By Claudie Benjamin
Marc Wigder is an attorney and City Councilman in Boca Raton, Florida. His parents owned the Royale Bakery at 237 West 72nd Street for more than 40 years. On the ten-year anniversary of the day that Ben Wigder passed away at the age of 94 in 2014, his son wanted to do something especially nice to honor his late father.
He wrote in advance to Mayor de Blasio and got approval to have 72nd Street named Royale Bakery/Ben Wigder Street for that day of memorial. “I bought 1,000 black and white cookies and gave them out near the bakery.” He was very moved by the response describing how many Upper West Siders came up to him to share joyful reminiscences about his father and the Royale Bakery.
Growing up, Wigder spent a lot of time in the bakery helping wherever help was needed. His father baked in the back of the bakery. Victoria, his mother, worked behind the counter as a sales clerk.
Ben Wigder specialized in classic Jewish baked goods, “We were especially busy at the holidays,” said Marc, “we made every type of challah: round challahs, braided challah, Babkas, ruggelah, marble pumpernickel, and blintzes.” He recalled that his father especially liked baking and decorating celebratory cakes. He loved to exercise his creativity with decorations associated with occasions like Thanksgiving, the Fourth of July, and even George Washington’s birthday. This decoration referred to the popular “I never tell a lie” myth in which as a child the first president chopped down a cherry tree and then admitted the deed to his mother.
Longtime Upper West Side resident Lorna Nowvé remembers the Royale bakery very well. She and a number of her colleagues at the Municipal Art Society (MAS) lived near the Royale bakery and would take turns bringing in pastries for committee meetings. “Ruggelah was a particular favorite of Mrs. Onassis, who attended many of our morning meetings.”
Ben was a Holocaust survivor from a small town outside of Bucharest, Romania. Ben was arrested by the Nazis and interred in a labor camp in Romania. His job at the camp was breaking stone to build a road for tanks headed for the invasion of Russia. Later when the tide of the war turned, the Russians charged Ben and other inmates to reverse the direction of the road into Germany. When the war ended Ben was placed in a Displaced Persons Camp in Bari, Italy, where he learned to bake. Victoria, who was much younger, later recalled that her family was forced to quarter Nazi soldiers and then Russians in their farmhouse. Marc’s parents, both from the same area of Romania, immigrated to the United States separately. They later married here and settled in New Rochelle after living in Washington Heights where their son Marc was born.
Their Upper West Side bakery gained a kind of long-lasting national fame after it was featured in an episode of Seinfeld, the wildly popular long-playing TV series with an Upper West Side setting.

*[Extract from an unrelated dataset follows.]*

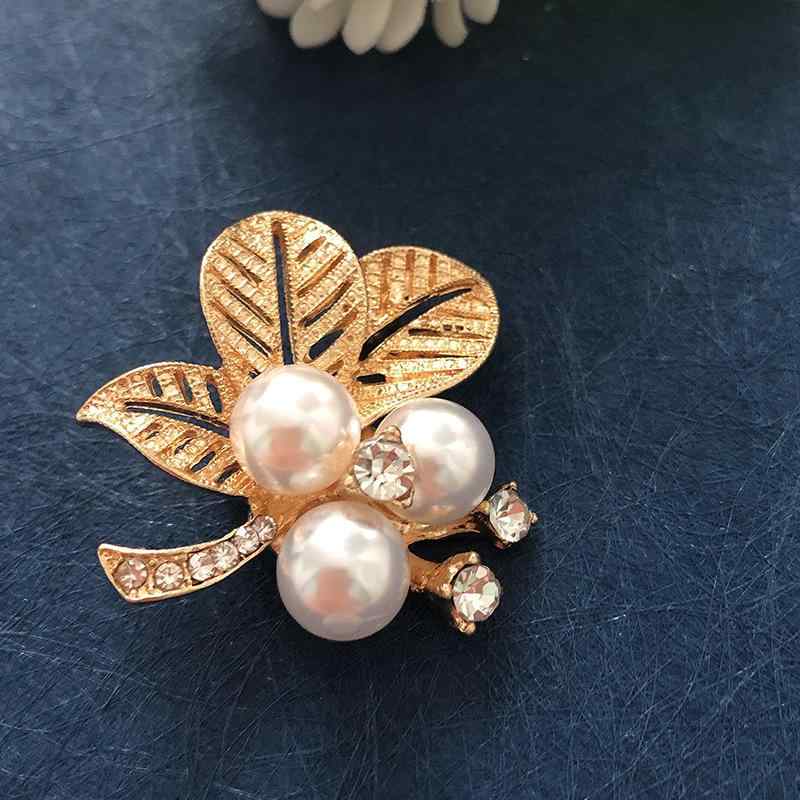ブローチ レディース 女性用 韓国風ファッション 合金製 イチョウ リーフ 花 フラワーモチーフ ラインストーン クリスタル パール装飾 上品 エレガント 華やか 襟元飾り スーツ ジャケット 結婚式 パーティー 卒業式 入学式 普段使い(x2)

The plot of “The Dinner Party,” Episode 77, describes characters experiencing various pitfalls revolving around the purchase of a babka at the Royale Bakery to bring to a dinner party. Seinfeld bought a black and white cookie and his positive quip relating to racial equality was widely reported.
As a part of Seinfeld lore, the bakery, like other businesses featured on the show, was actually shot on set in LA. The site of the former bakery was included on tourist bus tours of Seinfeld’s NY even after the bakery closed and the space was occupied by Jenny Craig (no irony intended).
Ben Wigder was deeply committed to the Upper West Side community. “He was a wonderful Jewish businessman. He gave bakery goods that were not sold to homeless people. Also, many early mornings you could see garbage trucks lined up on 72nd Street near the Royale Bakery where he regularly provided sanitation workers with breakfast bagels. He cared not only about the homeless but about the workers who served the city,” Marc said. He added that over the years, Ben Wigder acquired several multi-family buildings with affordable rents on West 72nd Street and drew satisfaction from being supportive of housing for middle-income residents.
This is a commitment that inspired his son. Today, as a member of the Boca Raton City Council and through other professional efforts he emphasizes the need for affordable housing to address the needs of workers who cannot afford to take jobs in an area where housing is too expensive creating a crisis for business owners.
Although he moved to Florida nearly 20 years ago, Marc is still sentimental about the Upper West Side and Bakery-related matters. When H & H Bagels (once on 80th Street and Broadway) recently opened a branch in Boca Raton, he and other nostalgic former Upper West Siders arrived on opening day at 5:00 am to savor memories of a much-loved neighborhood.